The challenge, however, involved optimizing the electronics to allow very accurate measurements of impedance for each cell as it passes by. The researchers had to minimize interfering electric signals from the substrate the blood flows over and prevent the cells from sticking to one another.

In tests of cells of four cell types — uninfected cells and infected cells at the ring, trophozoite and schizont stages — the device detected small differences in measures of magnitude and seemingly random differences in phase, but not quite enough to definitively differentiate among stages.

However, by mathematically combining the measures into an index called delta, the differences between uninfected cells and all three stages became clear. “It’s much more significant,” says corresponding author Ming Dao, a principal research scientist in the Nanomechanics Laboratory. “It’s a more holistic approach.
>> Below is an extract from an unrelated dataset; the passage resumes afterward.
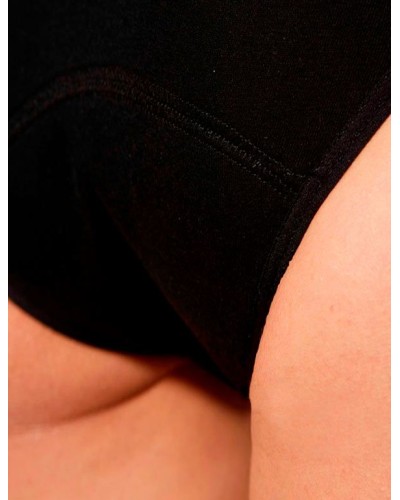 Braga menstrual absorción alta MELIA de ZD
By using all of the information we can measure, we can detect the differentiating signals much more clearly.”

“What’s really cool about this device is that it can actually differentiate between uninfected red blood cells and circulating ring infected red blood cells even though the parasite is still very small at this stage and the host cells have hardly been modified,” says Matthias Marti, an assistant professor of immunology and infectious diseases at the Harvard School of Public Health, who did not participate in the study.

Solving real-world problems

Malaria is a curable disease, but diagnosis remains a challenge. This ability to discern the circulating parasite’s stage from a drop of blood opens the possibility of building a device that could be used to rapidly diagnose malarial infection in places where laboratories and skilled medical personnel are scarce.
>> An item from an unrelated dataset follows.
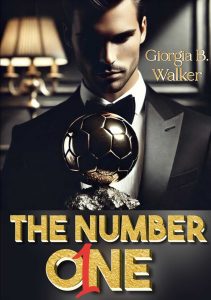 Giorgia B. Walker – The number one (2024)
Traditionally, technicians detect malarial infection visually, by observing blood smears through a microscope. More recently, the World Health Organization has supported the use of rapid diagnostic tests that detect an antigen to the parasite in the blood. These tests provide results in about 15 minutes and do not require skilled technicians, so sick people can be diagnosed and treated on the spot.

But neither of these approaches is very sensitive, Marti says. “For a new device to be meaningful in the field, it would have to be more sensitive than these traditional approaches, as well as cheap and quick.”

The collaborative MIT team of experts in microfluidics, circuit design, materials science and microbiology has designed their new cell-differentiating technology so that it can be packaged as a low-cost device, but more work needs to be done. “We are using our combined expertise to push the technology toward real-world applications,” Dao says.

Since this new detection method can, for the first time, differentiate among the three major stages of Plasmodium falciparum’s asexual development, Marti sees another potential application: The device may also be able to distinguish cells infected with the parasite at its transmission stage, the stage in which mosquitos can pick it up from humans and transmit it to other humans. “If we could use the device to detect malaria infection and the potential for transmission at the same time, that would make it even more interesting,” Marti says.

The next steps for further development involve integrating this new technology into a small, low-cost package. “Our hope is that such technologies as those described in this work will ultimately help meet the need for a new generation of portable, disposable and inexpensive diagnostics for a variety of human diseases,” Suresh says.

The team is also interested in using the device to investigate the electrical properties of other types of diseased cells to see if electrical impedance changes could be used for diagnostics.

This work was carried out with the assistance of the Fulbright Science and Technology Award. Device fabrications were carried out at MTL. The work was supported by Singapore’s National Research Foundation through the Singapore-MIT Alliance for Research and Technology (SMART) and by SMART, MIT’s Center for Integrated Circuits and Systems and the National Institutes of Health.